■ EXERCISE OBJECTIVE ■
Using the data beneath this instruction, retype only the lines from the one that contains "Coach gesturing during" down to the one that contains "Op de afbeelding: Twee", both included, exactly as they appear.

Short web captions:
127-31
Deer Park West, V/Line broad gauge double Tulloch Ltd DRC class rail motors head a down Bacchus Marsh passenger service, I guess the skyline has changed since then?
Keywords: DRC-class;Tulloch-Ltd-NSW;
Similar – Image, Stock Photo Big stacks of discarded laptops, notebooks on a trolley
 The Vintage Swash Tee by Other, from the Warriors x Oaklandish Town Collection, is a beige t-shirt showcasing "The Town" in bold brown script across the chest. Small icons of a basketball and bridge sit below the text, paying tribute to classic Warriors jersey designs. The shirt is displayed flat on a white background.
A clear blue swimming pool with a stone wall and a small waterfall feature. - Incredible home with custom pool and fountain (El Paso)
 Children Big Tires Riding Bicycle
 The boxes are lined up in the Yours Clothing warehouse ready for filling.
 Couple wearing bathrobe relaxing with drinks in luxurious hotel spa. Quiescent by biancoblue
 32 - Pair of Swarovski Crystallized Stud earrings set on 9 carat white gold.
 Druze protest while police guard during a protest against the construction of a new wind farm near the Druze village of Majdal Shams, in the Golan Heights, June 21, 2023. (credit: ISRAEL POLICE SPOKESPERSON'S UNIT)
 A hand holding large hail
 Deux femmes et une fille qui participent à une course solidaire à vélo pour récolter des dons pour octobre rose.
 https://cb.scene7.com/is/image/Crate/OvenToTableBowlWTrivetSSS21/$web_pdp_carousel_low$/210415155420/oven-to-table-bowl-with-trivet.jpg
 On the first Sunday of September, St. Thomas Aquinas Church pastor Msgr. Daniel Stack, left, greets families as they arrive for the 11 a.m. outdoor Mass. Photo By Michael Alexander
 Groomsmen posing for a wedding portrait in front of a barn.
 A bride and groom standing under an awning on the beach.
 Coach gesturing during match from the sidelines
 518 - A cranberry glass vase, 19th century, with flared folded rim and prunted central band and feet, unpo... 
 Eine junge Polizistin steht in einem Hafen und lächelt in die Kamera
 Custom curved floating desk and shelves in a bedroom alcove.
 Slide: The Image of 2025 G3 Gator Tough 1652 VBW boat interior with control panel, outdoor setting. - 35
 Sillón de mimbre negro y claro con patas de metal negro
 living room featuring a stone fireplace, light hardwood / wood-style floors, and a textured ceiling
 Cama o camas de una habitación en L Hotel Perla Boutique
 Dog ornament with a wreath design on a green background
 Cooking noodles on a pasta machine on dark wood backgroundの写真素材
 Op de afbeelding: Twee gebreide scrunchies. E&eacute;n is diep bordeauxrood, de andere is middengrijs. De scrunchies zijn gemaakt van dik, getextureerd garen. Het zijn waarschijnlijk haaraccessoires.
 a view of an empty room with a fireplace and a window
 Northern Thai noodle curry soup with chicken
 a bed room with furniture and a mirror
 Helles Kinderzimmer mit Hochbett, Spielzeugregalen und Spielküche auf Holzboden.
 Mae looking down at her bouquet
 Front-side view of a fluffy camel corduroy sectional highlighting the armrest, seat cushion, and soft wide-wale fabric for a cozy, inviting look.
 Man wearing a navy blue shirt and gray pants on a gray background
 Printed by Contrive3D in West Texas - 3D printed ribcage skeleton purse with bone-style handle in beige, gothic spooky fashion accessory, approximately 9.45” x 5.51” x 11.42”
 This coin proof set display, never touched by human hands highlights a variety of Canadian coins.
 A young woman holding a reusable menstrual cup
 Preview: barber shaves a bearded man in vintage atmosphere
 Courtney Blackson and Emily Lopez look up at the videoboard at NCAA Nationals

■ REPLY TO THE EXERCISE ■
 Coach gesturing during match from the sidelines
 518 - A cranberry glass vase, 19th century, with flared folded rim and prunted central band and feet, unpo... 
 Eine junge Polizistin steht in einem Hafen und lächelt in die Kamera
 Custom curved floating desk and shelves in a bedroom alcove.
 Slide: The Image of 2025 G3 Gator Tough 1652 VBW boat interior with control panel, outdoor setting. - 35
 Sillón de mimbre negro y claro con patas de metal negro
 living room featuring a stone fireplace, light hardwood / wood-style floors, and a textured ceiling
 Cama o camas de una habitación en L Hotel Perla Boutique
 Dog ornament with a wreath design on a green background
 Cooking noodles on a pasta machine on dark wood backgroundの写真素材
 Op de afbeelding: Twee gebreide scrunchies. E&eacute;n is diep bordeauxrood, de andere is middengrijs. De scrunchies zijn gemaakt van dik, getextureerd garen. Het zijn waarschijnlijk haaraccessoires.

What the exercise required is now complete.